I already have a method that gets the count of a certain word in the text file. Now, I just need to create a method that compares the counts of each word and then puts them in a list sorted by the least frequency to the greatest.

Any ideas and tips would be very much appreciated. I'm having trouble getting started on this particular method.

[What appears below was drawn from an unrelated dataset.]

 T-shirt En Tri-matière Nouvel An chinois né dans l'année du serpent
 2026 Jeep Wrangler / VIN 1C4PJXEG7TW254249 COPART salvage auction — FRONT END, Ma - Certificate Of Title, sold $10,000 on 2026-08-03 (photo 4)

public class Parser implements Comparator<String> {

    public Map<String, Integer> wordCount;

    void parse(String filename) throws IOException {
        File file = new File(filename);
        Scanner scanner = new Scanner(file);

        //mapping of string -> integer (word -> frequency)
        Map<String, Integer> wordCount = new HashMap<String, Integer>();

        //iterates through each word in the text file
        while(scanner.hasNext()) {
            String word = scanner.next();
            if (scanner.next()==null) {
                wordCount.put(word, 1);
            }
            else {
                wordCount.put(word, wordCount.get(word) + 1);;
                }
            }
            scanner.next().replaceAll("[^A-Za-z0-9]"," ");
            scanner.next().toLowerCase();
        }

    public int getCount(String word) {
        return wordCount.get(word);
    }

    public int compare(String w1, String w2) {
        return getCount(w1) - getCount(w2);
    } 

        //this method should return a list of words in order of frequency from least to   greatest
    public List<String> getWordsInOrderOfFrequency() {
        List<Integer> wordsByCount = new ArrayList<Integer>(wordCount.values());
        //this part is unfinished.. the part i'm having trouble sorting the word frequencies
        List<String> result = new ArrayList<String>();


    }
}
Robotnik
  • 3,643
  • 3
  • 31
  • 49
user1333781
  • 107
  • 2
  • 4
  • 10
  • 4
    Sure, create a class that holds a String (for the word), and an int (for the count), and make it implement `Comparable` and then in the compareTo(...) method, compare based on the int values. – Hovercraft Full Of Eels Apr 15 '12 at 01:12
  • Thanks for the advice. I actually mapped the list of words from a string to an integer to keep the count of each frequency. I'm not sure how to sort the words by frequency using the map property and collections.sort method – user1333781 Apr 15 '12 at 01:18
  • Write some code and post it. We'll go over it. – Tony Ennis Apr 15 '12 at 02:18
  • hey, i added my code. I'm not looking for code to copy, but suggestions to improve and finish the frequency method. Thanks! – user1333781 Apr 15 '12 at 02:49
  • Use `Collections.sort(justTheWords, this)` – Torious Apr 15 '12 at 03:16
  • Where you have your comment `//this part is unfinished`, just do: `List justWords = new ArrayList(wordCount.keySet()); List result = Collections.sort(justWords, this);`... – Torious Apr 15 '12 at 14:00
  • ^^Torious, that didn't seem to work when I tried it. Thanks for the help though – user1333781 Apr 15 '12 at 22:46
  • 1
    The idea was that `sort` will call `this.compare()` during sorting, to compare 2 `String`s, which are then compared by first looking up the count in `this` (the `Parser` instance). That's assuming `parse` was called first. I figured that was the intent of the original code, looking at the `compare` method. Did I miss something? – Torious Apr 15 '12 at 23:22
  • @Torious: Oh, I'm sorry. Now I understand how it works (and deleted my comments). I didn't realize how the Comparator would work on the Map, while being declared on , not . Now it is so obvious! :) – user unknown Apr 16 '12 at 03:46

4 Answers4

7

First of all your usage of scanner.next() seems incorrect. next() will return the next word and move onto next one every time you call it, therefore the following code:

if(scanner.next() == null){ ... }

and also

scanner.next().replaceAll("[^A-Za-z0-9]"," ");
scanner.next().toLowerCase();

will consume and then just throw away words. What you probably want to do is:

String word = scanner.next().replaceAll("[^A-Za-z0-9]"," ").toLowerCase();

at the beginning of your while loop, so that the changes to your word are saved in the word variable, and not just thrown away.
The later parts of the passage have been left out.